Multi‑Outcome Experiment: Decision Framework, Multiplicity, Pre‑registration, and Communication
Context
You ran an A/B test with:
-
Primary metric: conversion
-
Secondary metric: ARPU
-
Guardrails: p95 latency and crash rate
Observed effects (two‑sided p‑values):
-
Conversion: +1.1 percentage points, p = 0.04
-
ARPU: −3%, p = 0.08
-
p95 Latency: +2%, p = 0.20
-
Crash rate: +0.15 percentage points, p = 0.03
Assume independent randomization, standard frequentist testing, and that guardrails are safety (worsening is bad).
Tasks
(a) Propose a principled decision framework: specify hypothesis hierarchy, whether/how to gate on guardrails, and acceptable Type I error rates.
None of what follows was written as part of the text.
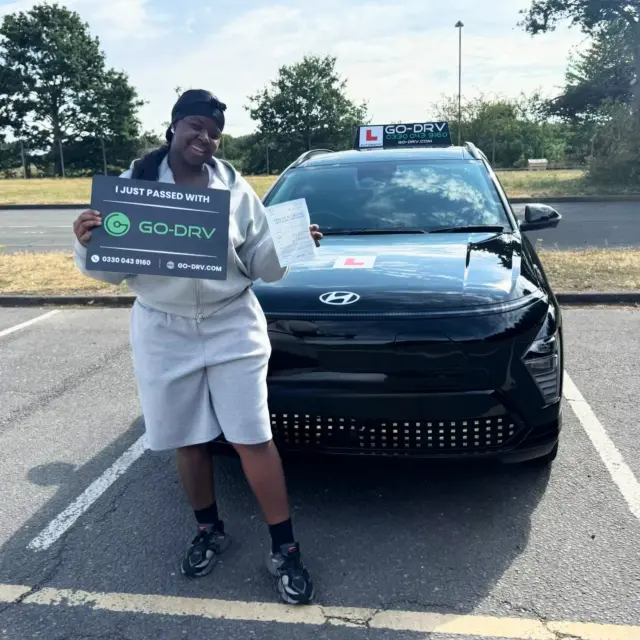 GO-DRV student Shan E. smiling with pass certificate after passing automatic driving test in Featherstone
(b) Choose and justify a multiple‑testing control (e.g., Holm, Hochberg, Benjamini–Hochberg for FDR). Apply it to the given results and note which conclusions change.
(c) Explain how to pre‑register metrics, families, and stopping rules to avoid p‑hacking.
(d) Draft a ≤120‑word message to the PM with the decision and trade‑offs in plain language.
(e) If you must ship despite a guardrail hit, propose a mitigation and follow‑up plan.